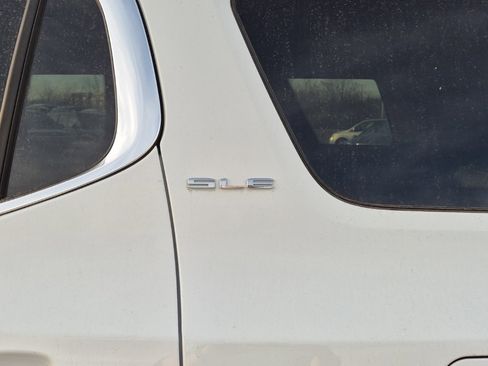 Used 2023 GMC Acadia SLE image 8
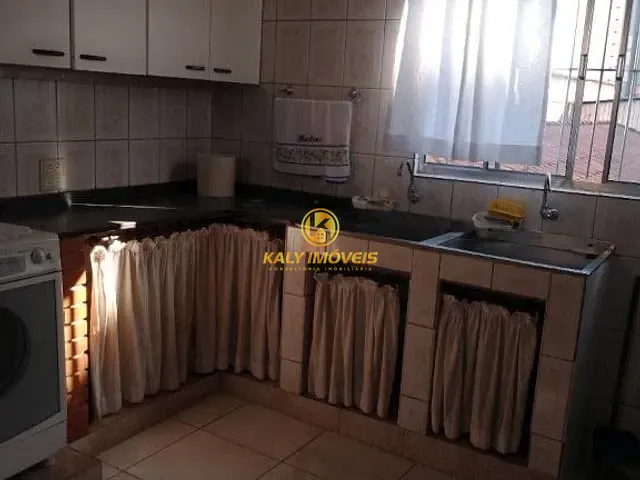 Casa com 320m² 3 quartos e 6 banheiros, à venda, no bairro Cerâmica em São Caetano do Sul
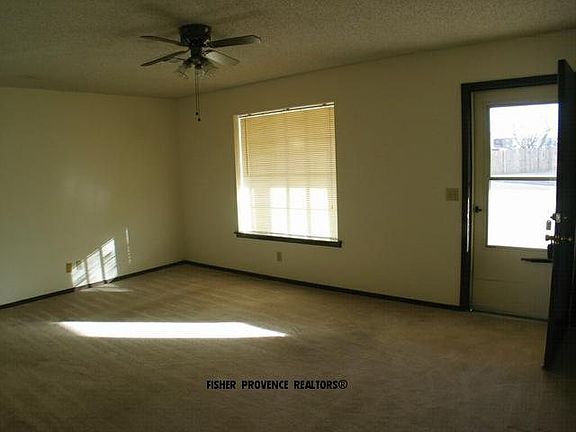 5th image of 2726 N Park Dr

- **Exercise prompt**: Without including any pictures, set down word for word every line from the one containing "Casa com 320m²" through the last line of the material.

- **Answer to this problem**:
 Casa com 320m² 3 quartos e 6 banheiros, à venda, no bairro Cerâmica em São Caetano do Sul
 5th image of 2726 N Park Dr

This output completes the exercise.